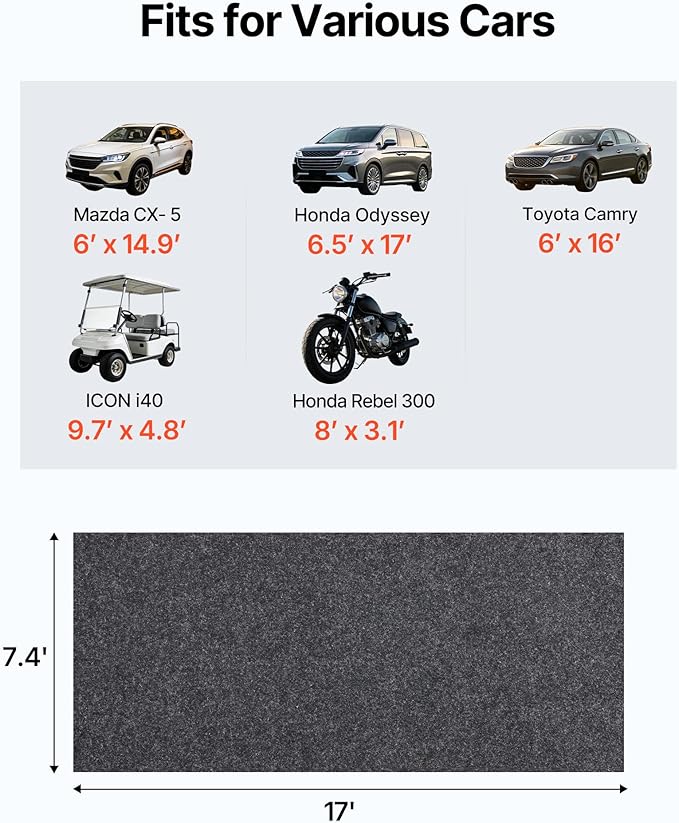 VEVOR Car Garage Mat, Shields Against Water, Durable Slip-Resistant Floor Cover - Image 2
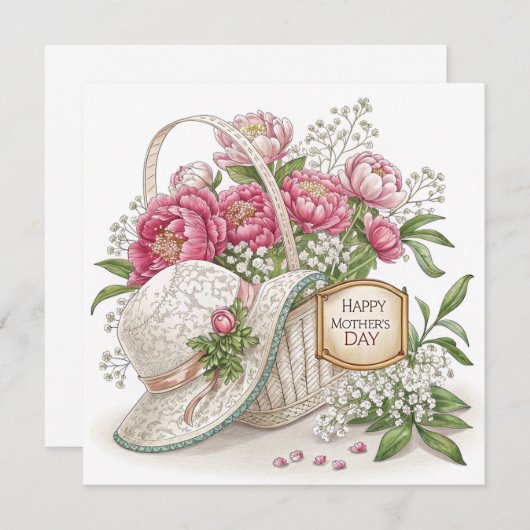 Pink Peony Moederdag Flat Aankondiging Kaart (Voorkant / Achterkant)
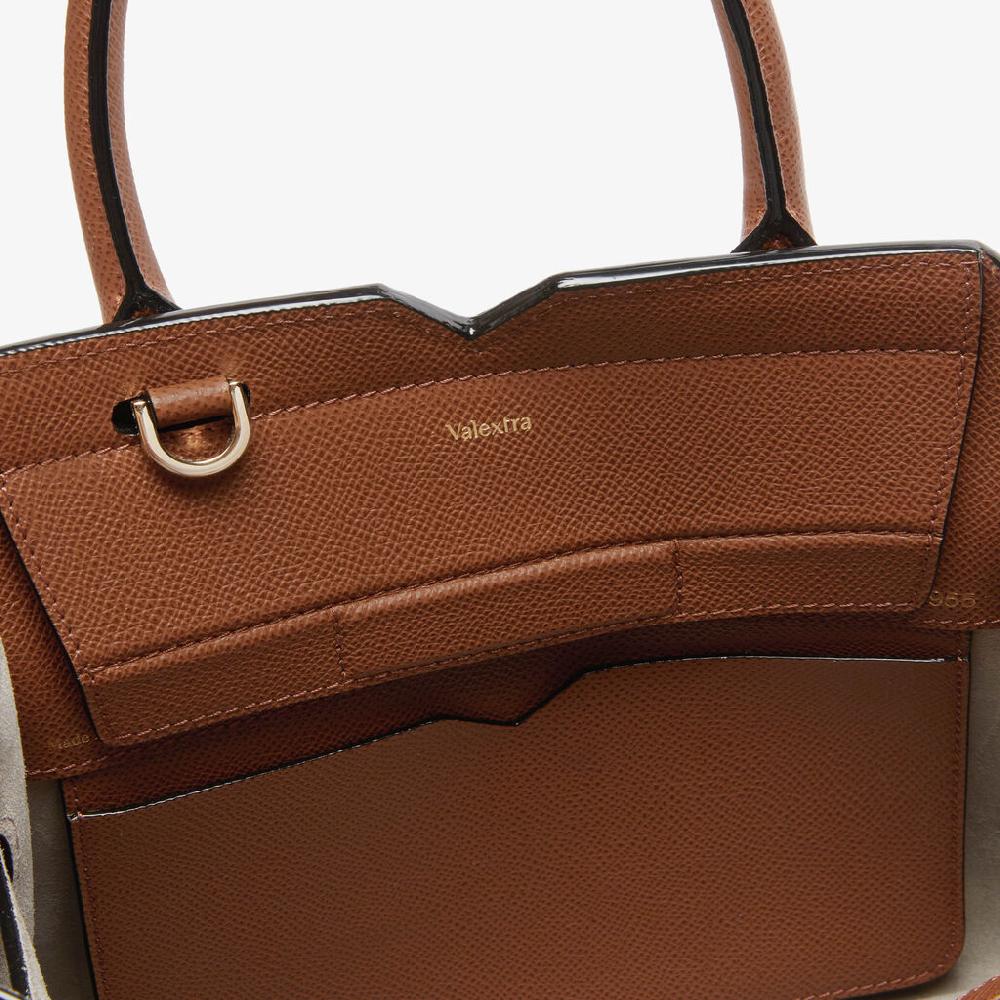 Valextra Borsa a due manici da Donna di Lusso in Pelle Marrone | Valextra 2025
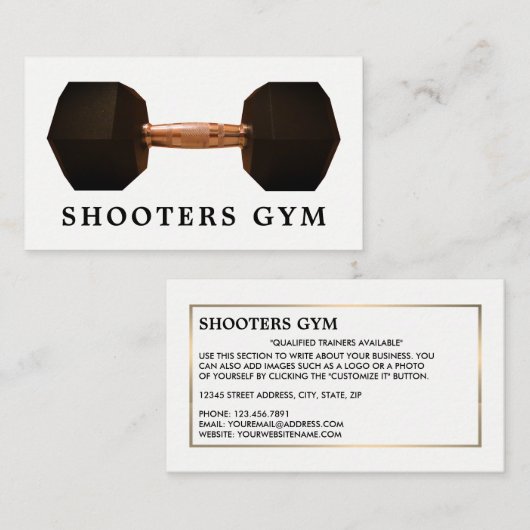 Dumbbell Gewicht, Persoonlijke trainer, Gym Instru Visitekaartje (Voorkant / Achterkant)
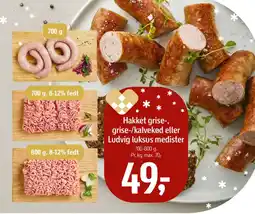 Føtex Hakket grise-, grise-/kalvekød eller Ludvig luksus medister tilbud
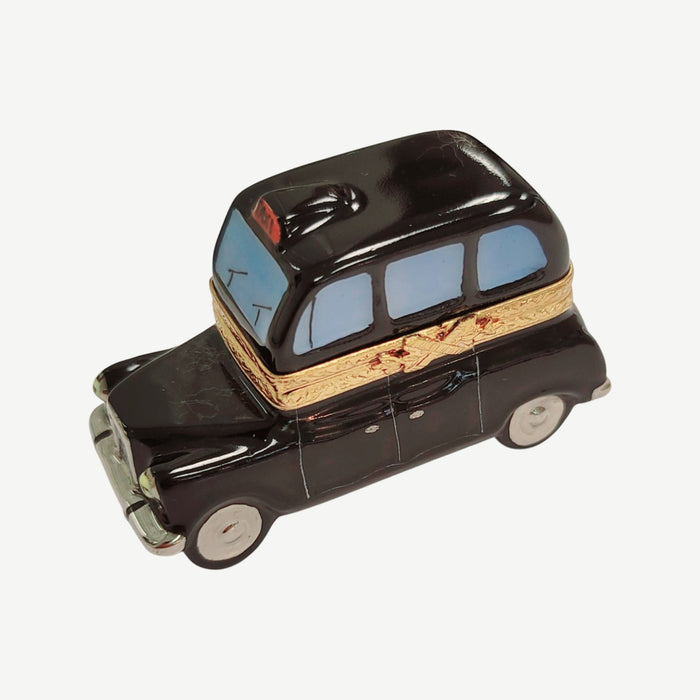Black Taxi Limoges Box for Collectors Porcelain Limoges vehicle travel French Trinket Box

■ **Exercise details**
The material above is to be set down exactly, with pictures removed.

■ **Exercise output**
 VEVOR Car Garage Mat, Shields Against Water, Durable Slip-Resistant Floor Cover - Image 2
 Pink Peony Moederdag Flat Aankondiging Kaart (Voorkant / Achterkant)
 Valextra Borsa a due manici da Donna di Lusso in Pelle Marrone | Valextra 2025
 Dumbbell Gewicht, Persoonlijke trainer, Gym Instru Visitekaartje (Voorkant / Achterkant)
 Føtex Hakket grise-, grise-/kalvekød eller Ludvig luksus medister tilbud
Black Taxi Limoges Box for Collectors Porcelain Limoges vehicle travel French Trinket Box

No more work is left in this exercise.